**WHAT IS NEEDED**
Each record must come back unchanged in your answer, stripped of its images.

(Caption-style text data)
============================================================

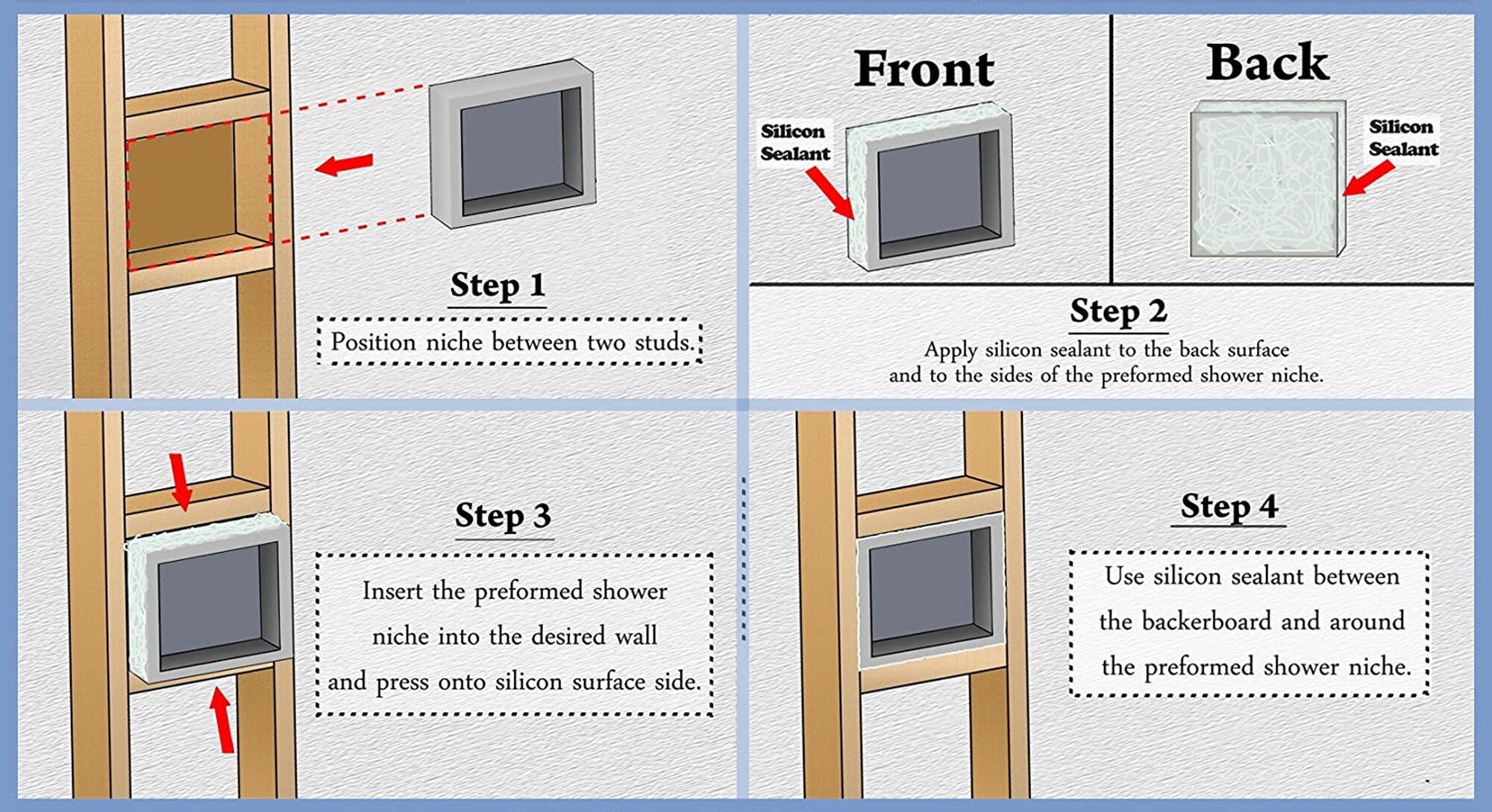 Preformed Single Recessed Shower Niche Size14x22 Ready to Etsy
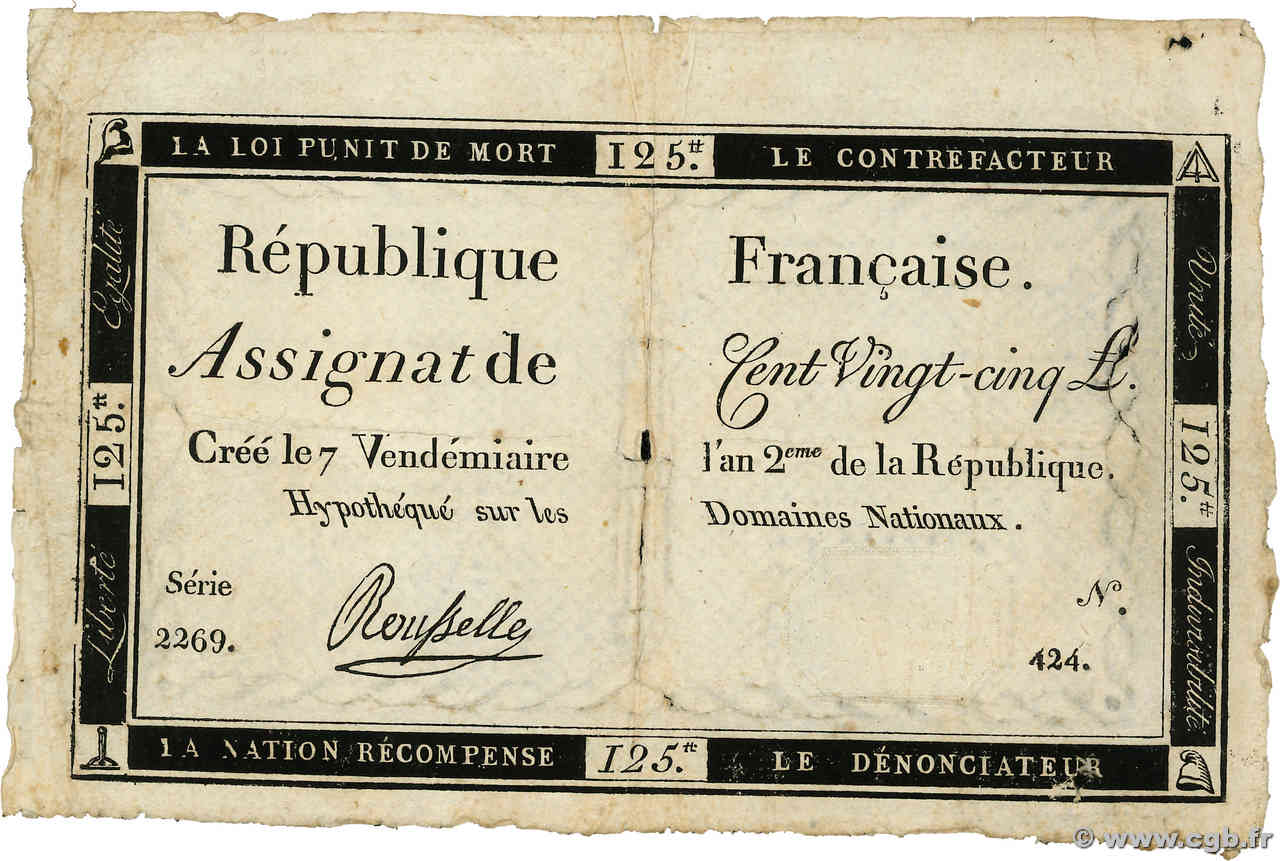 125 Livres FRANCIA  1793 Ass.44a MB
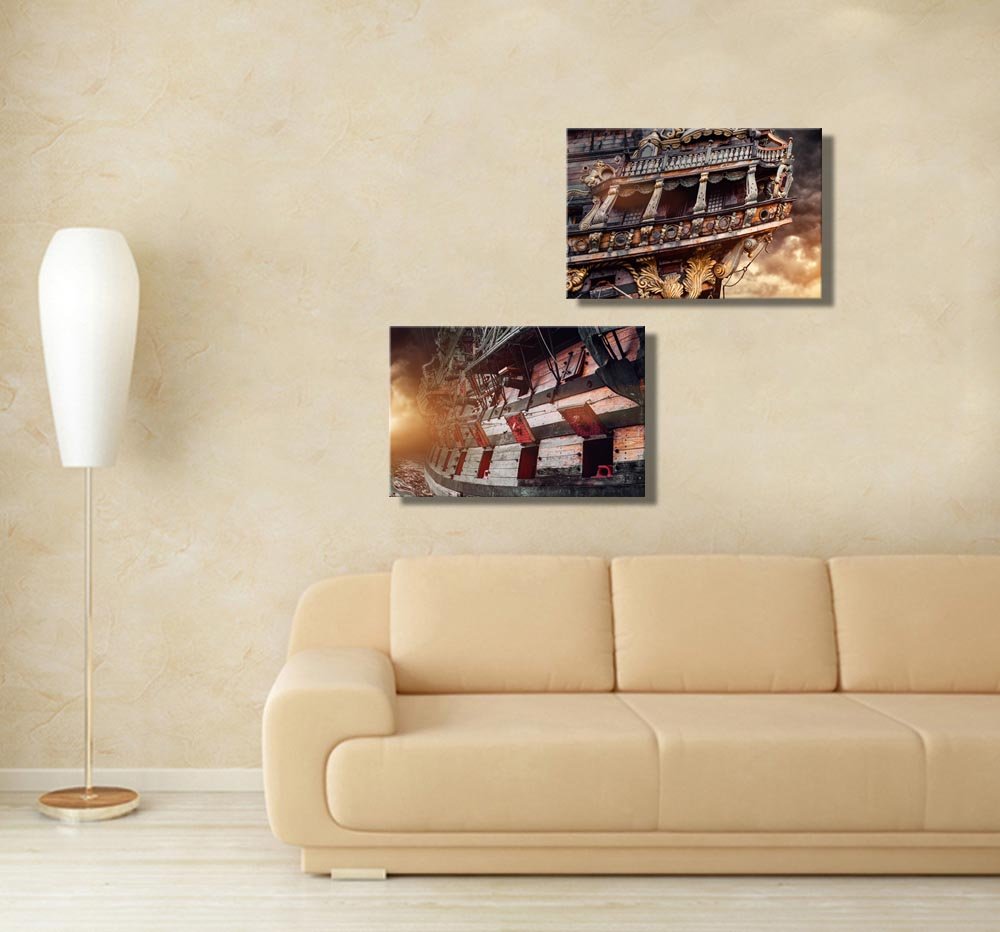 Wall26 - Canvas Prints Wall Art - Pirate Ship And Stormy Sky | Modern Wall Decor/Home Decoration Stretched Gallery Canvas Wrap G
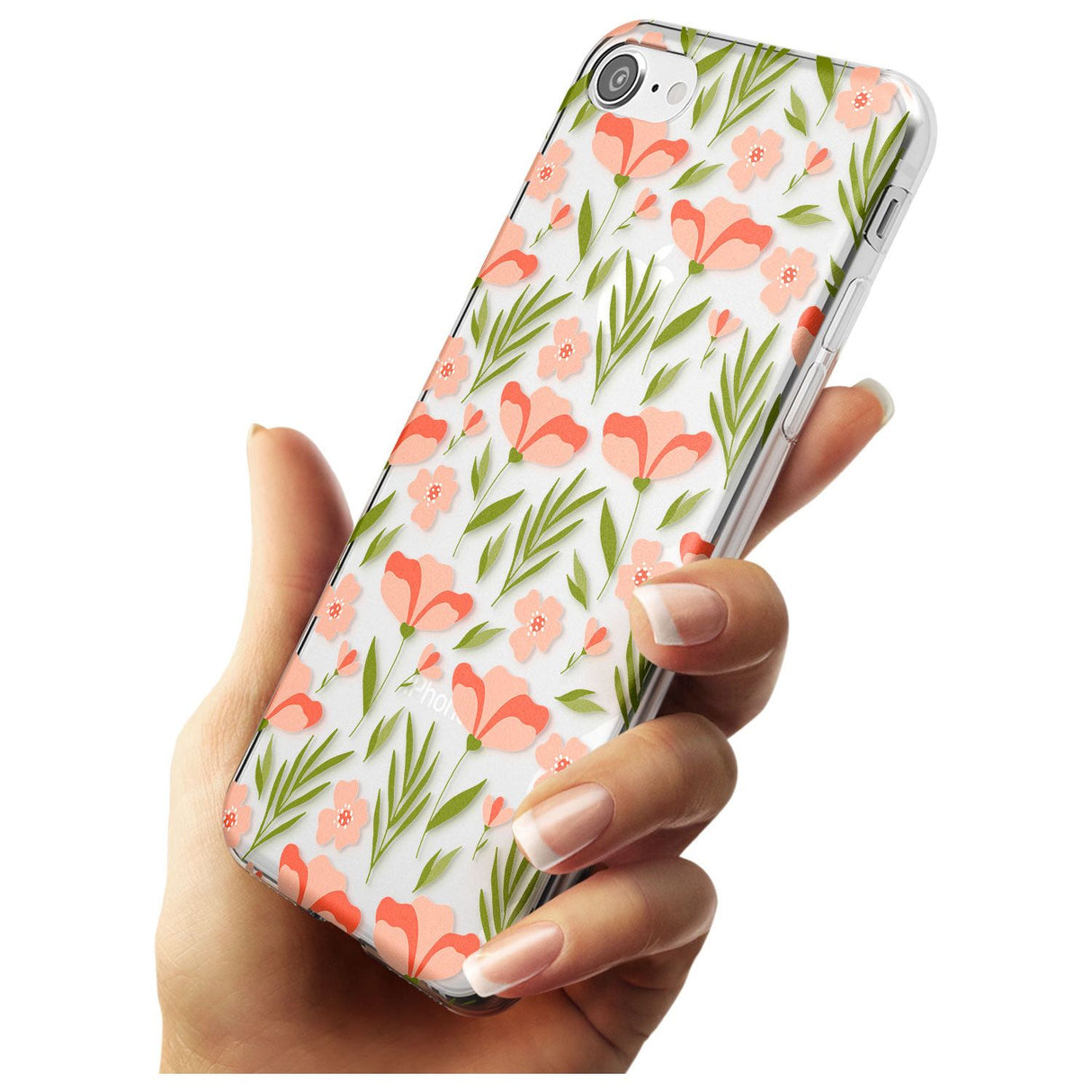 Pink Petals Transparent Floral Slim TPU Phone Case for iPhone SE 8 7 Plus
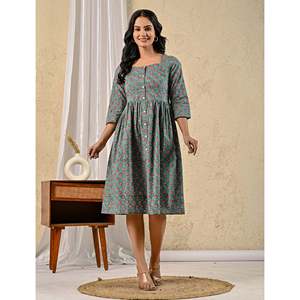 Robe en coton imprimée à la main motif floral vert, style décontracté avec col carré, taille naturelle, respirante, design personnalisé, tailles XS à 5XL - Product Image 3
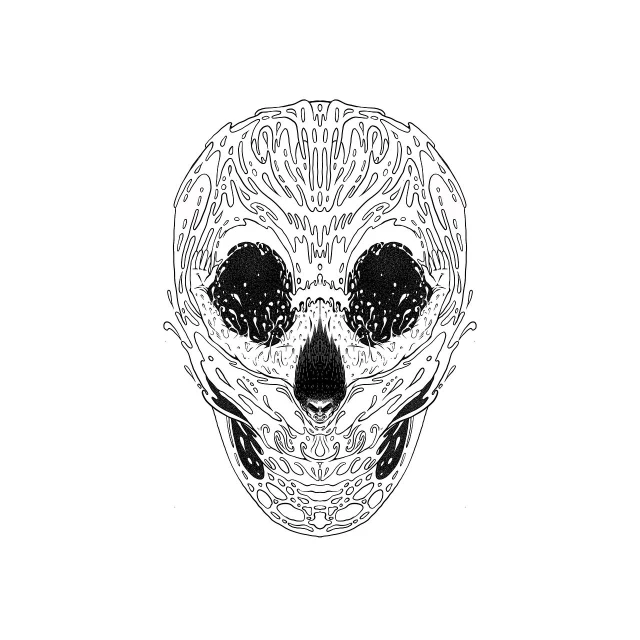 a black and white drawing of a skull, a detailed drawing, minimalism, neural pointillism, rorsach path traced, symmetry illustration, center view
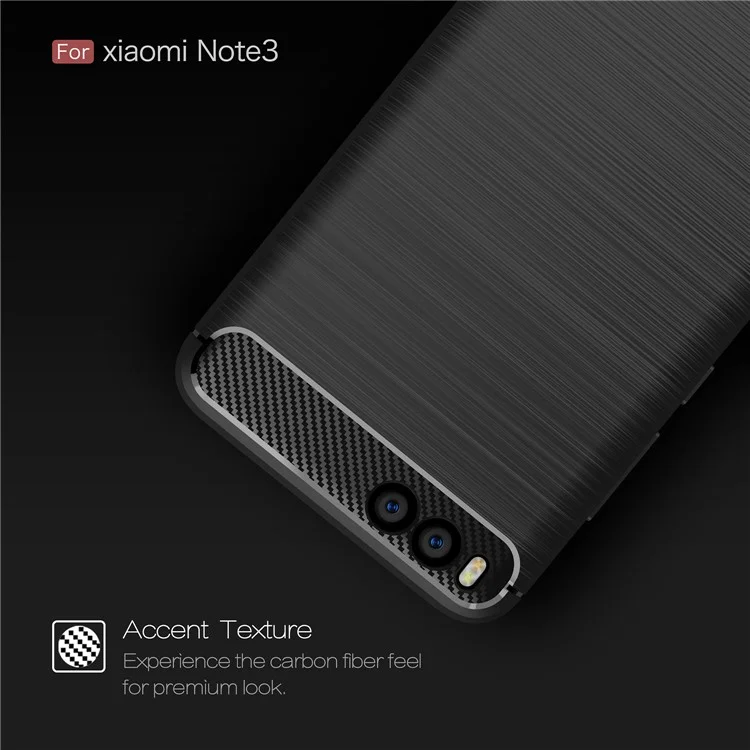 Carbon Fiber Texture Brushed TPU Back Case for Xiaomi Mi Note 3 - Black
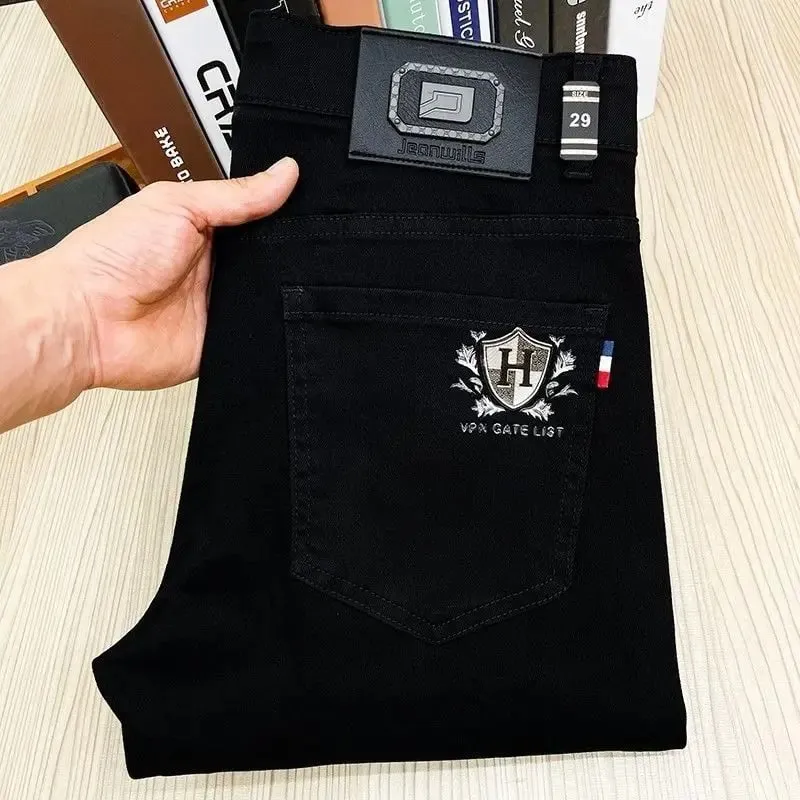 High-end Elastic Waistband Jeans Men's 2026 Spring Summer New Black Elastic Slim Trousers Men's Luxury Jeans for Man Original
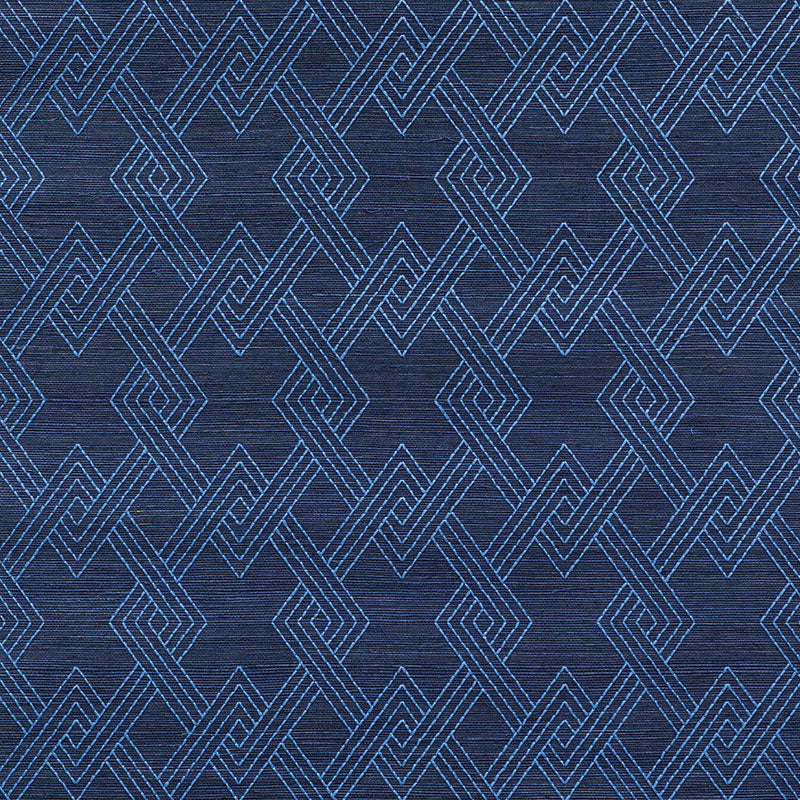 Hix Embroidered Sisal fabric in blue color - pattern number 5008970 - by Schumacher in the Happy Together collection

============================================================

**TASK RESPONSE**
 Preformed Single Recessed Shower Niche Size14x22 Ready to Etsy
 125 Livres FRANCIA  1793 Ass.44a MB
 Wall26 - Canvas Prints Wall Art - Pirate Ship And Stormy Sky | Modern Wall Decor/Home Decoration Stretched Gallery Canvas Wrap G
 Pink Petals Transparent Floral Slim TPU Phone Case for iPhone SE 8 7 Plus
 Robe en coton imprimée à la main motif floral vert, style décontracté avec col carré, taille naturelle, respirante, design personnalisé, tailles XS à 5XL - Product Image 3
 a black and white drawing of a skull, a detailed drawing, minimalism, neural pointillism, rorsach path traced, symmetry illustration, center view
 Carbon Fiber Texture Brushed TPU Back Case for Xiaomi Mi Note 3 - Black
 High-end Elastic Waistband Jeans Men's 2026 Spring Summer New Black Elastic Slim Trousers Men's Luxury Jeans for Man Original
 Hix Embroidered Sisal fabric in blue color - pattern number 5008970 - by Schumacher in the Happy Together collection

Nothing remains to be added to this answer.